- Bala Dasteh-ye Rakan Kola Location within Iran
- Coordinates: 36°35′55″N 52°47′05″E﻿ / ﻿36.59861°N 52.78472°E
- Country: Iran
- Province: Mazandaran
- County: Simorgh
- District: Central
- Rural District: Kiakola

Population (2016)
- • Total: 1,399
- Time zone: UTC+3:30 (IRST)

= Bala Dasteh-ye Rakan Kola =

Village in Mazandaran province, Iran

Bala Dasteh-ye Rakan Kola (بالادسته ركن كلا) (Note: Also romanized as Bālā Dasteh-ye Rakan Kolā; also known as Bālā Dasteh) is a village in Kiakola Rural District of the Central District in Simorgh County, Mazandaran province, Iran.

==Demographics==
===Population===
At the time of the 2006 National Census, the village's population was 1,190 in 328 households, when it was in the former Kiakola District of Qaem Shahr County.
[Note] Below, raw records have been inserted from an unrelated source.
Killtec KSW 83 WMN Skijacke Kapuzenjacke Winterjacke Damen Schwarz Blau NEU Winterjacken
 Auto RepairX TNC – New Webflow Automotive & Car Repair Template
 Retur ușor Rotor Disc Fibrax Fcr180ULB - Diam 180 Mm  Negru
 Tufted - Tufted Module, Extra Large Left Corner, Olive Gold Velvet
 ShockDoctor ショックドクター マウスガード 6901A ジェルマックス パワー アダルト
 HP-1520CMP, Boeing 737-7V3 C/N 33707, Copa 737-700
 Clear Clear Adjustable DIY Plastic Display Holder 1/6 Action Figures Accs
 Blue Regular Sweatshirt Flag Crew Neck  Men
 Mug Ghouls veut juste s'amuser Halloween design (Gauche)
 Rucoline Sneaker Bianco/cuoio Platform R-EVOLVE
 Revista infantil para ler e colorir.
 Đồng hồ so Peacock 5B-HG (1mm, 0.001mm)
The following census in 2011 counted 1,271 people in 410 households. The 2016 census measured the population of the village as 1,399 people in 479 households, by which time the district had been separated from the county in the establishment of Simorgh County. The rural district was transferred to the new Central District. Bala Dasteh-ye Rakan Kola was the most populous village in its rural district.